- _WORK ORDER_: Below is a listing; print exactly its lines from the one containing "Mains tenant un" down to the one containing "Birk from MMC", both inclusive, with every picture left out.

- _DATA FOR ANALYSIS_:

***

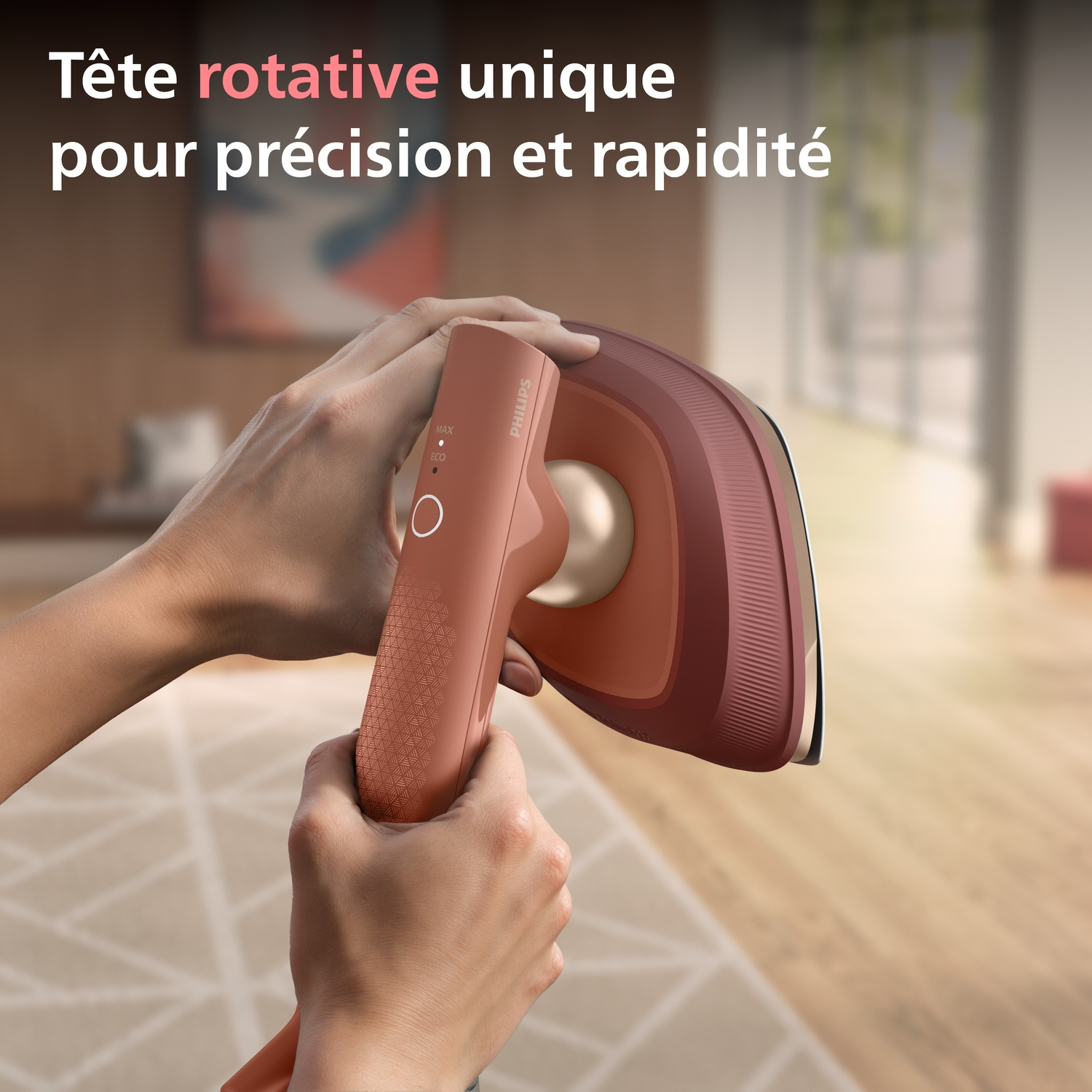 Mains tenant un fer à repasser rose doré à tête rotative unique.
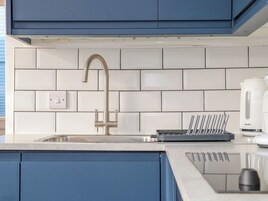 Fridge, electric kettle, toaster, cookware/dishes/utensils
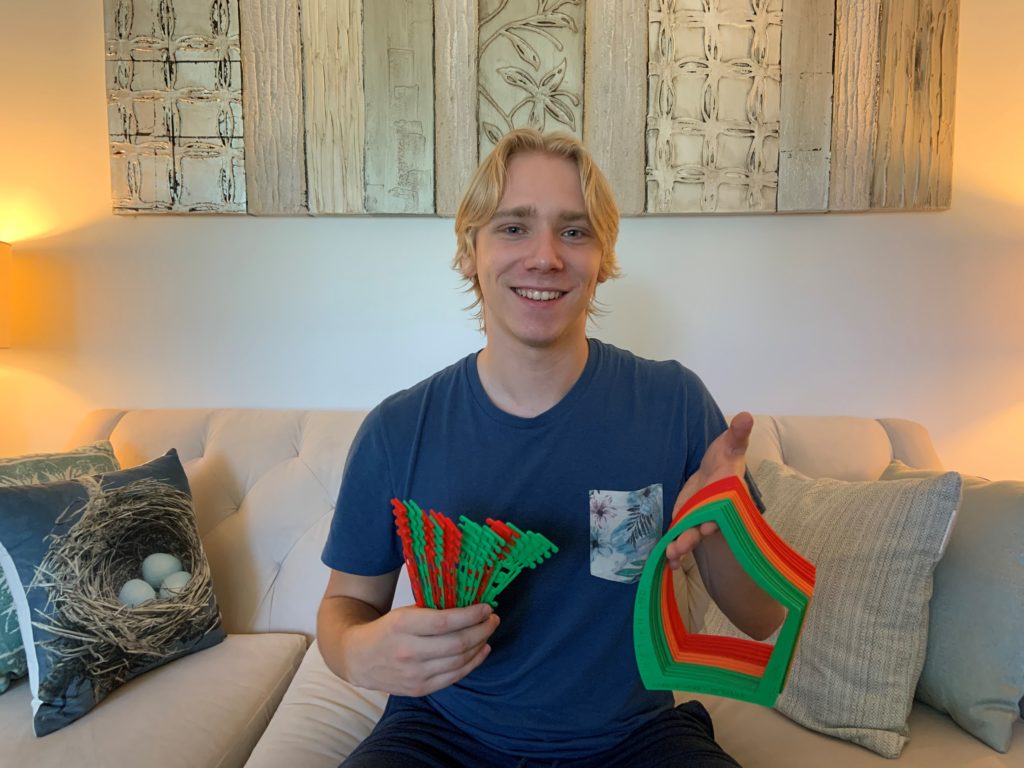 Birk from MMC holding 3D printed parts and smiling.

***

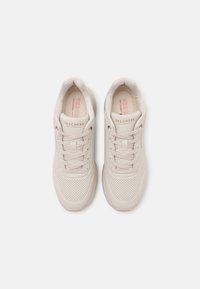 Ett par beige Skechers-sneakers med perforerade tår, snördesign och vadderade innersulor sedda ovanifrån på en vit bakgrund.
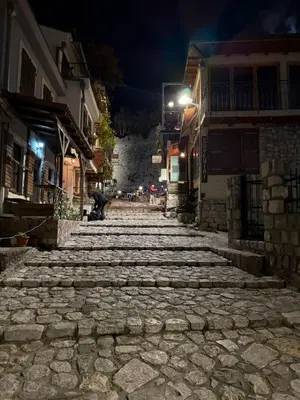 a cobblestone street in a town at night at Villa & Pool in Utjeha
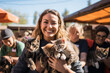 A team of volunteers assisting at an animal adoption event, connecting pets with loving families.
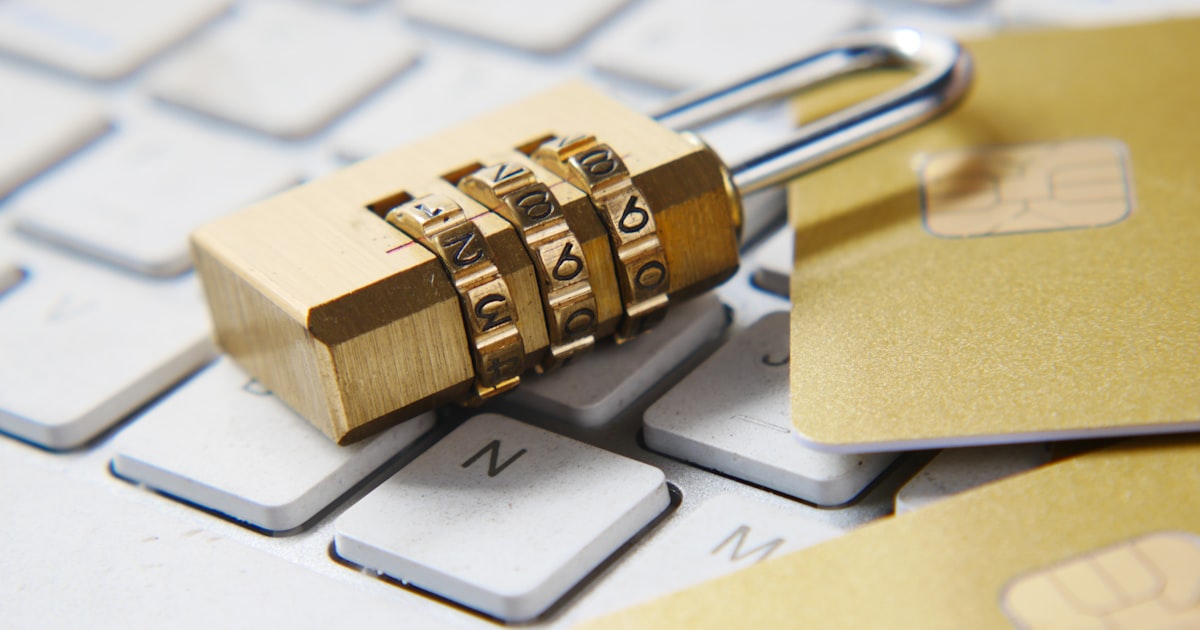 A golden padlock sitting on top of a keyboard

***

- _ANSWER_:
 Mains tenant un fer à repasser rose doré à tête rotative unique.
 Fridge, electric kettle, toaster, cookware/dishes/utensils
 Birk from MMC holding 3D printed parts and smiling.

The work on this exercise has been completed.